For the other direction, suppose t is a Union-Find tree. By Theorem 2 and Proposition 1, there is a subset \(X\subseteq {\textsc {children}}(t)\) and a mapping \(f:Y\rightarrow X\) with \(Y=\{y_1,\ldots ,y_\ell \}={\textsc {children}}(t)-X\) such that for the sequence \(t_0=t\), \(t_i={\textsc {push}}(t_{i-1},y_i,f(y_i))\) we have that each immediate subtree of \(t_\ell \) is a Union-Find tree and moreover, the root of \(t_\ell \) satisfies the Union condition.

The root of t has rank 4, \(t_\ell \) has to have at least one child having rank 0, 1, 2 and 3 respectively. Since t has exactly one child with rank 0 and rank 1, these nodes has to be in X. This implies that no node gets pushed into the apples at this stage (because the apples have rank 2). Thus, since the apples are not Union-Find trees (as they have strictly less rank-0 nodes than positive-rank nodes, cf. Proposition 2), all the apples have to be in Y. Apart from the apples, t has exactly one depth-one node of rank 2 (which happens to be a root of a Union tree), thus this node has to stay in X as well. Moreover, we cannot push the baskets as they have the maximal rank 3, hence they cannot be pushed.

Thus, we have to push all the apples, and we can push apples only into baskets (as exactly the baskets have rank greater than 2). Let \(x\in X\) be a basket node, let \(t'\) stand for \(t_\ell |_x\) and let \(\{y_1',\ldots ,y_j'\}\subseteq Y\) be the set of those apples that get pushed into x during the operation. Then, the total number of nodes having rank 0 in \(t'\) is \(H+2+j\) (j of them coming from the apples and the other ones coming from the basket) while the total number of nodes having a positive rank is \(2+j+A\) where A is the total weight of the apples in \(\{y_1',\ldots ,y_j'\}\). Applying Proposition 2 we get that \(A\le H\) for each basket. Since the total weight of all apples is \(H\cdot k\) and each apple gets pushed into exactly one basket, we get that \(A=H\) actually holds for each basket.

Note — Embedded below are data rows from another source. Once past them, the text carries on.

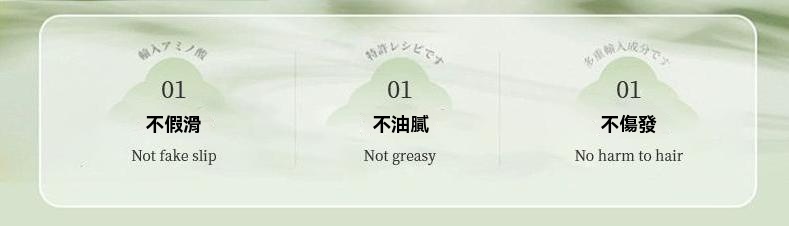 DM_20250927135118_007.jpg
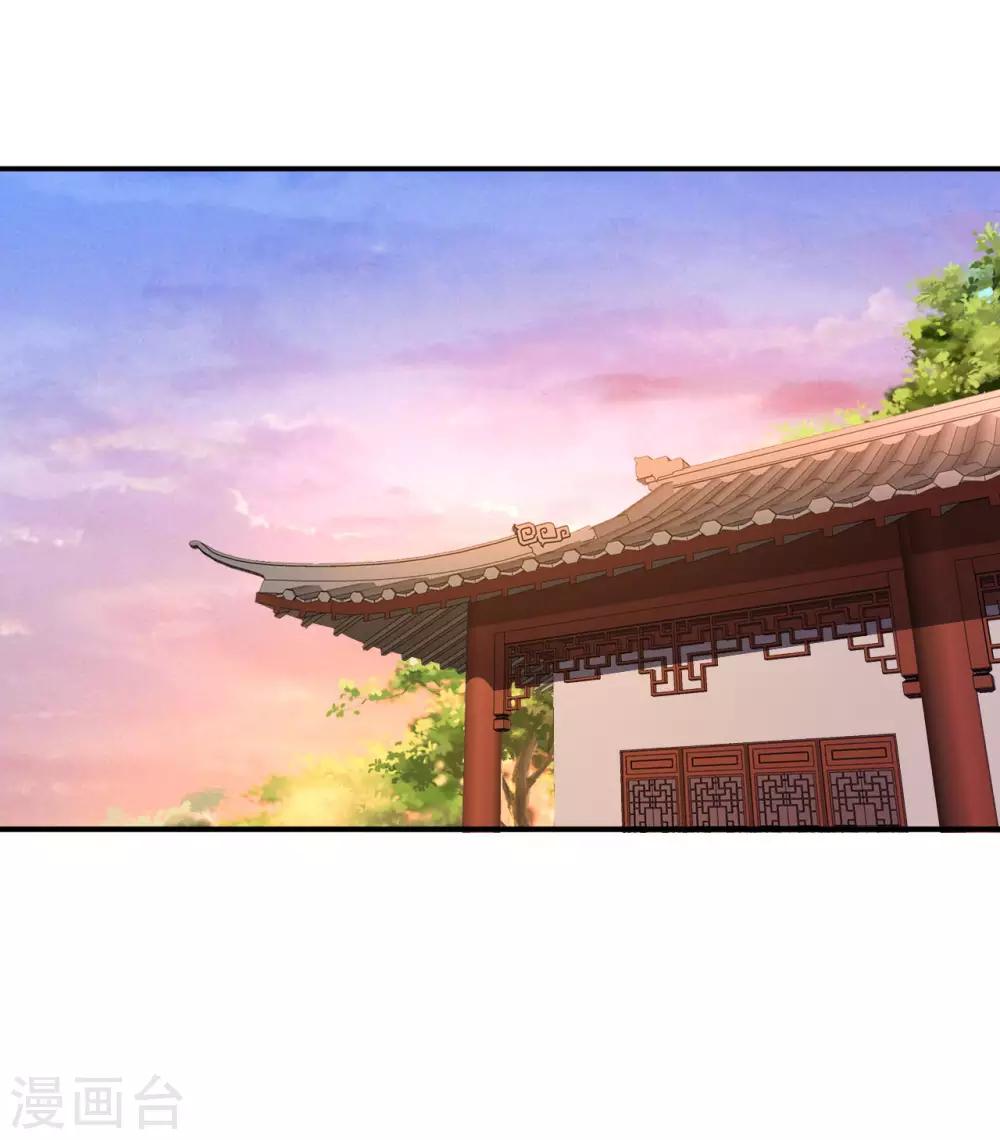 第56话 闭嘴的方法-第58话
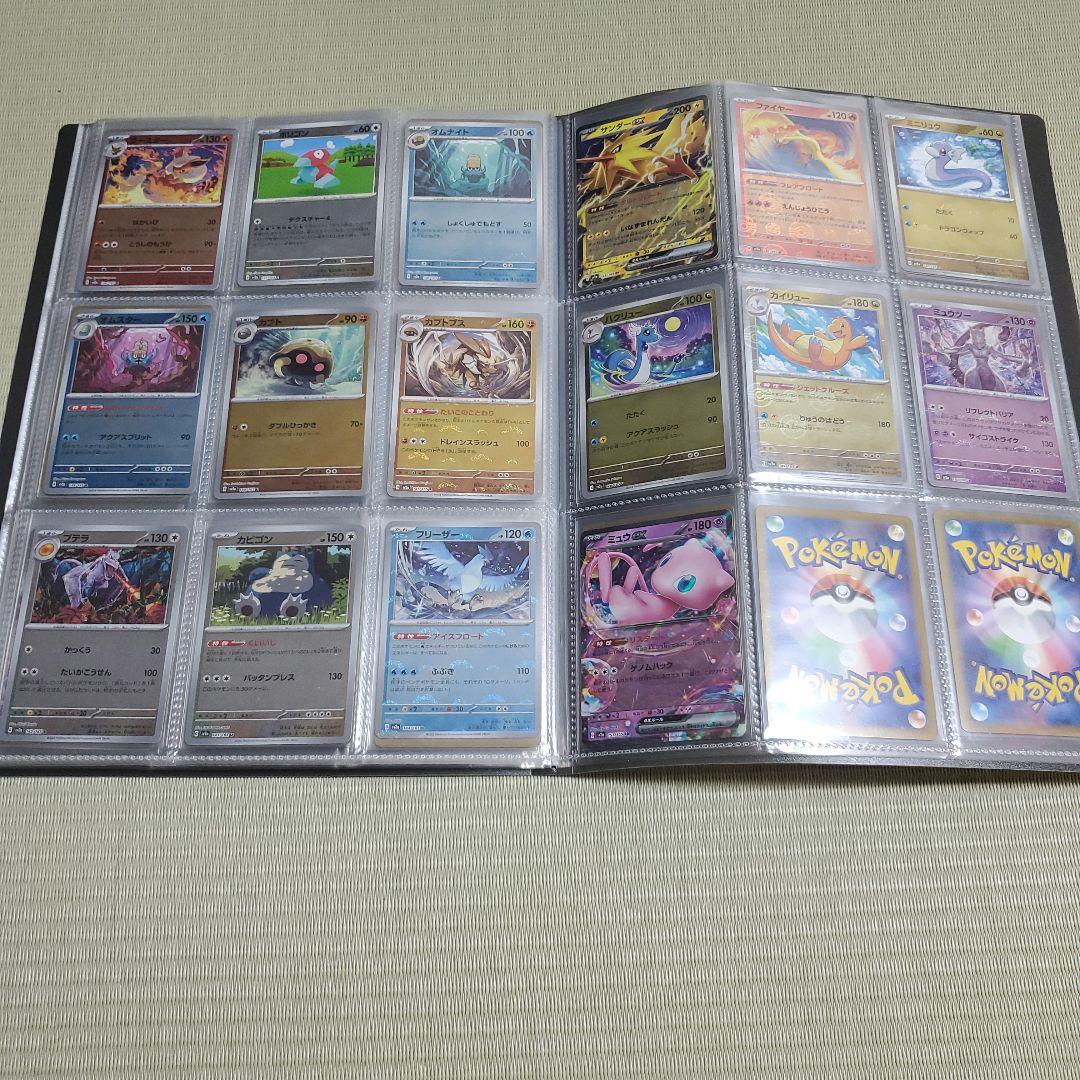 151　モンスターボールミラー　コンプリートセット　ファイル付き　高騰中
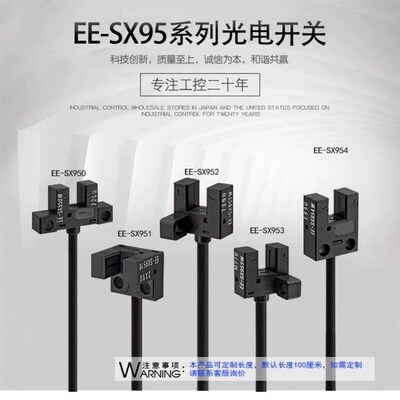 高品质EE-SX951/950/952/953/954/WPR槽型光电开关传感器限位开关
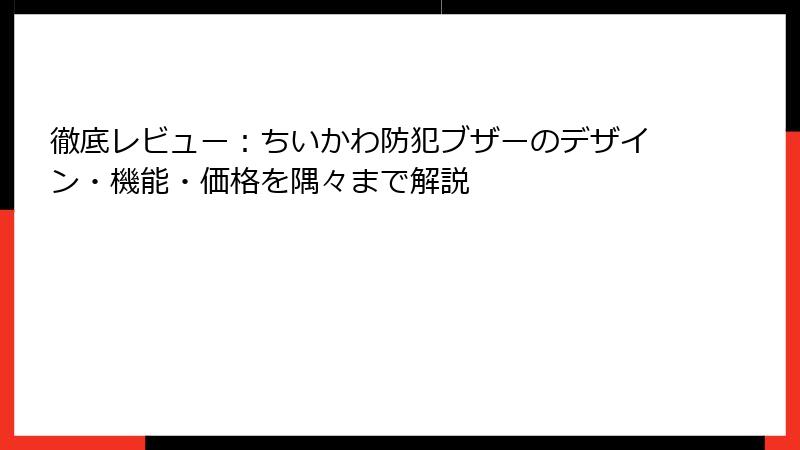 徹底レビュー：ちいかわ防犯ブザーのデザイン・機能・価格を隅々まで解説
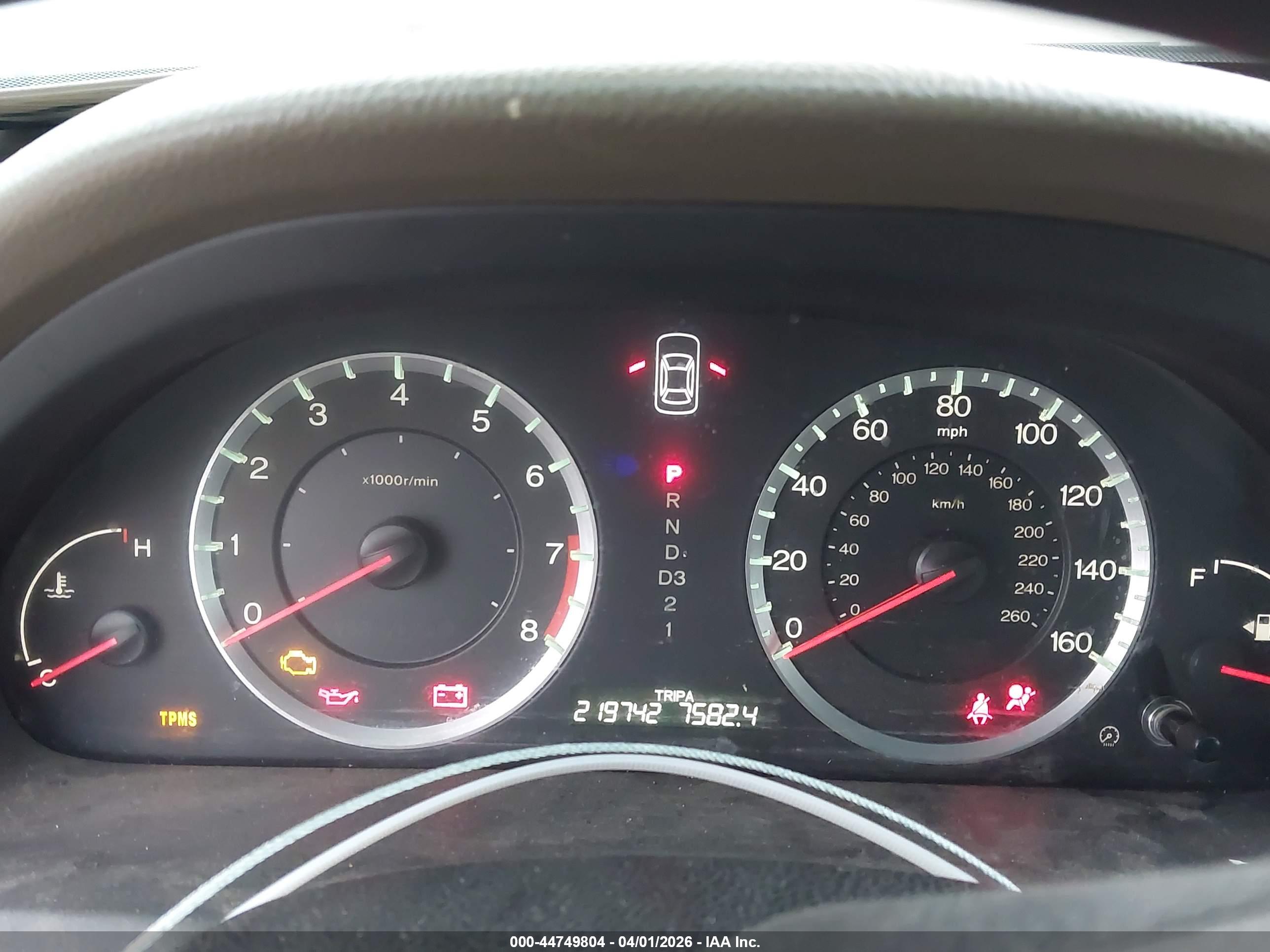 HONDA ACCORD image 7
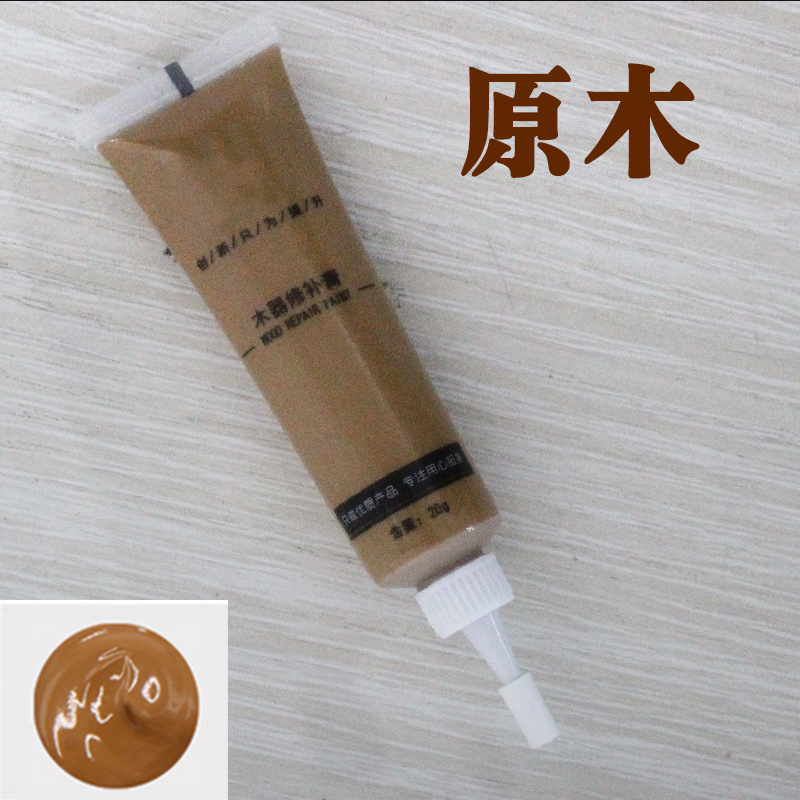 邦佳洁 木器漆修补膏补漆修补笔家具修复漆地板补漆膏木门漆修补膏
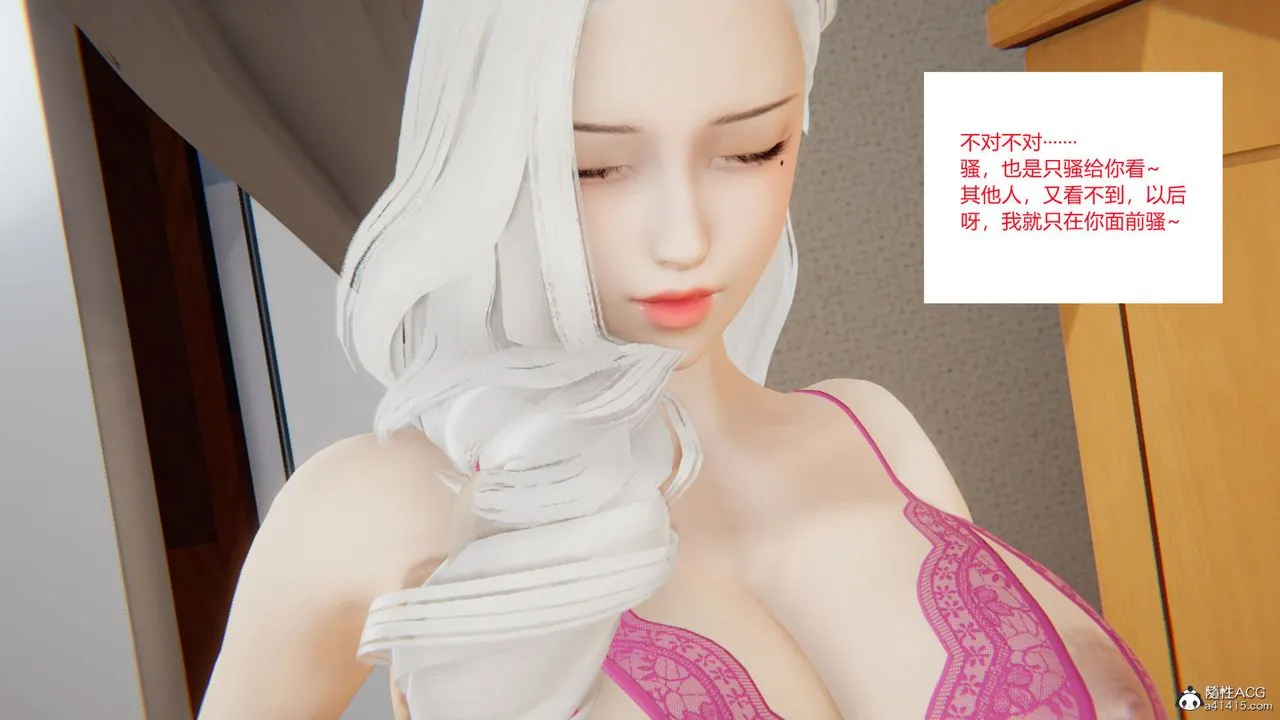 [3D]重生之妻妾成群 - 第06话 - page 35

Thus, \(\mathcal {I}\) is a positive instance of the \(\textsc {Partition}\) problem.    \(\square \)

Theorem 3

The recognition problem of Union-Find trees is \(\mathbf {NP}\)-complete.

Proof

By Proposition 3 we get \(\mathbf {NP}\)-hardness. For membership in \(\mathbf {NP}\), we make use of the characterization given in Theorem 2 and that the possible number of pushes is bounded above by \(n^2\): upon pushing x below y, the depth of x and its descendants increases, while the depth of the other nodes remains the same. Since the depth of any node is at most n, the sum of the depths of all the nodes is at most \(n^2\) in any tree. Hence, it suffices to guess nondeterministically a sequence \(t=t_0\vdash t_1\vdash \ldots \vdash t_k\) for some \(k\le n^2\) with \(t_k\) being a Union tree (which also can be checked in polynomial time).    \(\square \)

5 Conclusion, Future Directions

We have shown that unless \(\mathbf {P}=\mathbf {NP}\), there is no efficient algorithm to check whether a given tree is a valid Union-Find tree, assuming union-by-rank strategy, since the problem is \(\mathbf {NP}\)-complete, complementing our earlier results assuming union-by-size strategy. A very natural question is the following: does there exist a merging strategy under which the time complexity remains amortized almost-constant, and at the same time allows an efficient recognition algorithm? Although this data structure is called “primitive” in the sense that it does not really need an automatic run-time certifying system, but we find the question to be also interesting from the mathematical point of view as well. It would be also an interesting question whether the recognition problem of Union-Find trees built up according to the union-by-rank strategy is still \(\mathbf {NP}\)-complete if the nodes of the tree are not tagged with the rank, that is, given a tree without rank info, does there exist a Union-Find tree with the same underlying tree?